16:52:01 <Lucas_WMDE> I have a feeling that CI builds are “Waiting for the completion of castor-save-workspace-cache” a bit longer than usual lately… would it be possible to give castor more resources? (no idea if that even makes sense tbh) 17:13:30 <•hashar> Lucas_WMDE: the job doesn't run concurrently (I can't remember why) 17:13:39 <•hashar> and it transfers the whole cache of the job, so maybe those have grown 17:13:58 <•hashar> and indeed there are a lot of them : 17:13:59 <•hashar> ) 17:15:20 <•hashar> the caches are stored on integration-castor05.integration.eqiad1.wikimedia.cloud 17:15:33 <•hashar> and `iotop -o` shows rsync using 99% of the available disk io 17:18:02 <•hashar> and if I remember well the data is written to an attached volume 17:19:42 <•hashar> ah found it g3.cores8.ram36.disk20 17:19:57 <•hashar> it lacks the 4 x increase of disk io that other instancess have 17:20:10 <•hashar> so openstack throttles the disk io made to the shared volume / Ceph
The reason is integration-castor05.integration.eqiad1.wikimedia.cloud uses the flavor g3.cores8.ram36.disk20 which has disk io rate limited (which is the default).
The fix is to migrate the instance to a flavor with a raised disk io throttling which have a 4xiops in their name. The available flavors are:
g3.cores8.ram24.disk20.ephemeral90.4xiops |
g3.cores8.ram24.disk20.ephemeral60.4xiops |
g3.cores8.ram24.disk20.ephemeral40.4xiops |
However they have:
- 24G ram when the current one has 36G (I have picked that to benefit the Linux disk cache).
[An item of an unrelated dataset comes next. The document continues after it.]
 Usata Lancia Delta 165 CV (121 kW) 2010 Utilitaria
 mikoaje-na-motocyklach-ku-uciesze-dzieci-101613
- an ephemeral disk which makes it impossible to change the flavor later on T340825: OpenStack silently fail to resize an Ephemeral volume
So I guess the easiest is to create a duplicate of the currently used flavor with the 4xiops: g3.cores8.ram36.disk20.4xiops. Without an ephemeral disk we can then change the flavor of the instance (which restarts it) and get the new IO throttle.